Roanoke Times Copyright (c) 1995, Landmark Communications, Inc. DATE: SATURDAY, October 30, 1993 TAG: 9310300321 SECTION: SPECTATOR PAGE: 24 EDITION: METRO SOURCE: STEVEN COLE SMITH FORT WORTH STAR-TELEGRAM DATELINE: LENGTH: Medium
Good reviews, bad ratings.
Levin sighs.
"I tell you, I don't know if people want to watch one-camera shows anymore. Sometimes I think I'm fighting an uphill battle here."
Ex-Fort Worth resident Levin is the creator, producer and sometime writer and director of "Bakersfield, P.D.," a very clever, innovative Fox comedy (Tuesdays at 8:30 p.m. on WJPR-Channel 21/27) that has received near-unanimous raves from critics, but miserable ratings.
It's a one-camera show - meaning instead of just setting up three cameras on a sound stage and filming what happens, Levin's actors actually perform to a single camera, which is more time-consuming, more expensive, more professional.
It's the way they make motion pictures.
Most recent one-camera shows, ranging from "The Days and Nights of Molly Dodd" to "Frank's Place" - have been critical successes, commercial failures.
Good reviews, bad ratings.
One-camera shows like "Bakersfield" generally don't have a laugh track, either. The viewer has to decide what is funny, which may be more work than many viewers are willing to undertake.
"Maybe we're fooling ourselves here," Levin said. "If I put a laugh track on it, it would just cheapen it. Though it would make the show, I'm sure, more commercial."
"Bakersfield" premiered Sept. 14. It's about the Bakersfield, Calif., police department, specifically about Paul Gigante (Giancarlo Esposito), a black Washington, D.C., detective who moves with his family to Bakersfield and finds himself in something of a time warp.
Those of us who have been to Bakersfield have found it to be a little slice o' East Texas, right there in the California desert.

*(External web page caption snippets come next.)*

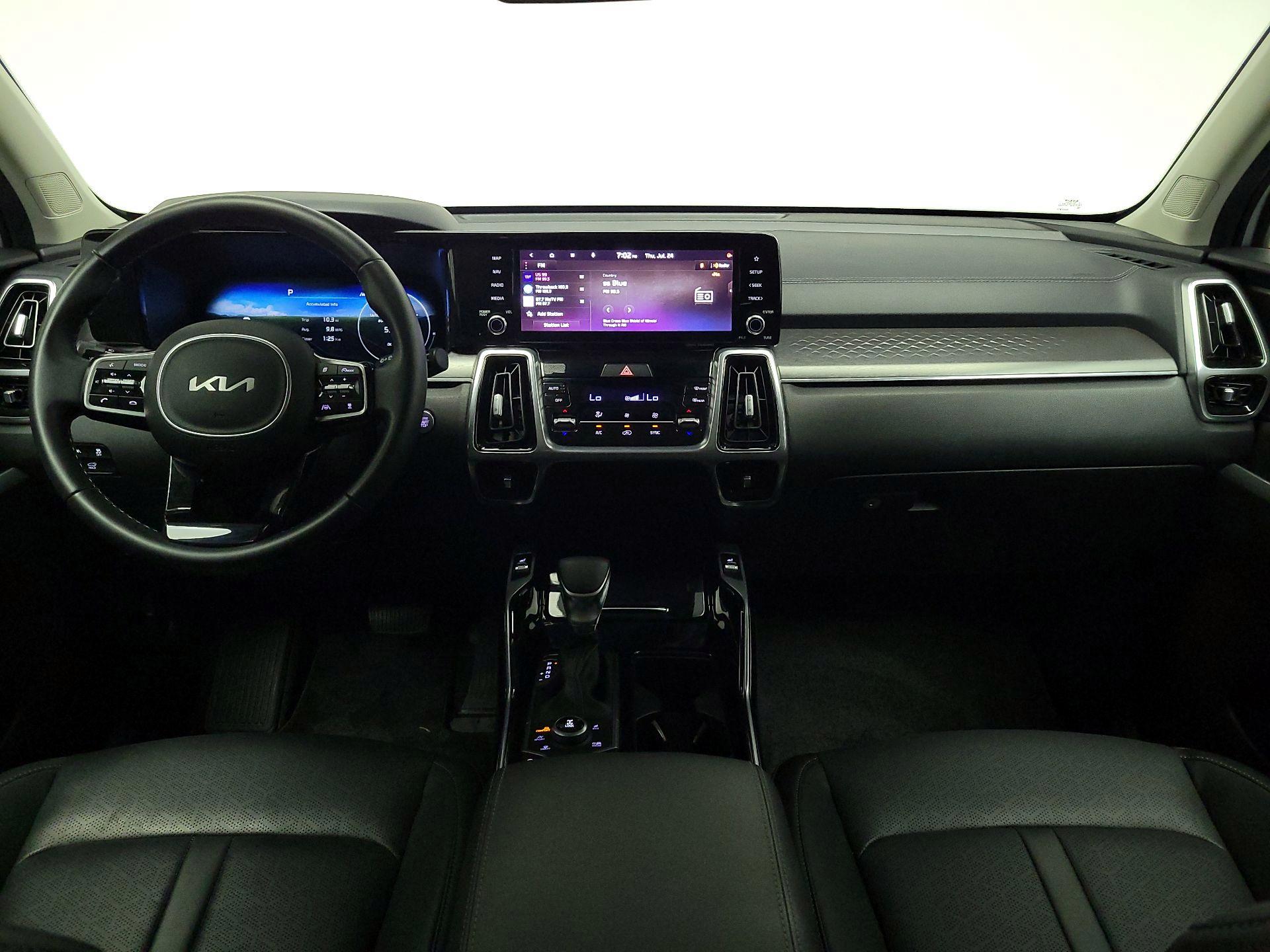 Thumbnail: 2023 Kia Sorento - 9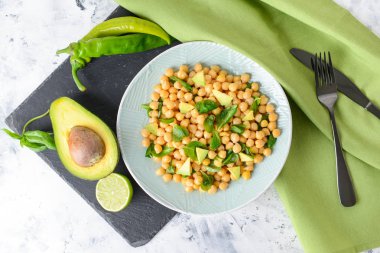 Masada lezzetli nohut salatası ile Tabak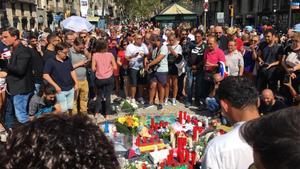 Homenaje silencioso de los ciudadanos en la Rambla. SERGIO LAINZ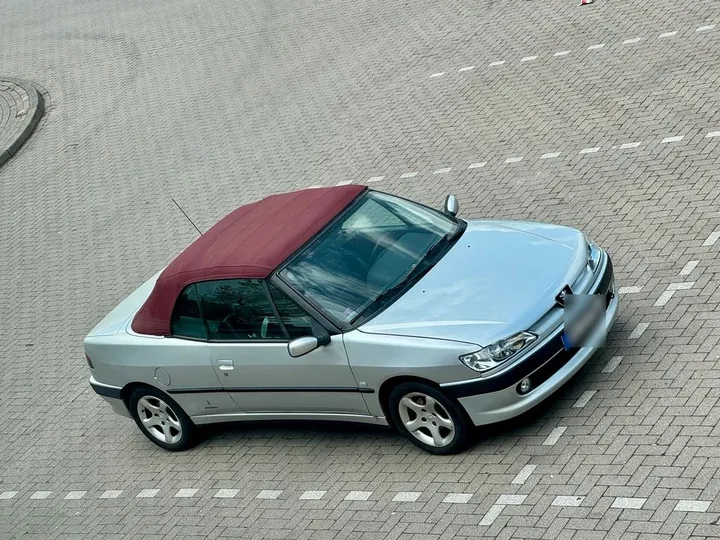 Peugeot 306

Gigante is paired with white-bread detective Wade Preston (Ron Eldard), eager to please but not quite sure what to make of his new partner.
Also present at roll call: an incredibly indecisive captain (Jack Hallett), his attentive sergeant (Brian Doyle-Murray) and a rednecked one-man wrecking crew (Chris Mulkey, homicidal Hank on "Twin Peaks"). Eldard, Mulkey and Doyle-Murray had worked with Levin on previous series.
Any reaction from Bakersfield, and their police officers?
"Yeah, they hate it," Levin said.
"They really took offense from the pilot's inference that there might be racism in that town. I think the comment was, `It's an image we've been fighting for years.' Which, of course, means it exists.
"They just didn't have much of a sense of humor. They're very sensitive - I guess they've been the butt of jokes in the past."
Still, it works - unless you live in Bakersfield, at least. "My desire was to do a show about male relationships," Levin said.
"I liked writing about cops before, and since they are in life-or-death situations, they seem to develop relationships more quickly than other guys in other workplaces.
"It was also a desire to write about small towns, which I like. Quirky, offbeat places, like I did with the last show, and this show."
That last show was ABC's "Arresting Behavior," which aired briefly two summers ago on ABC. It was a funny show that married "Cops" with "Police Academy." Leo Burmester and the aforementioned Ron Eldard played two patrol officers chosen by a documentary TV crew, which followed them around, taping the proceedings.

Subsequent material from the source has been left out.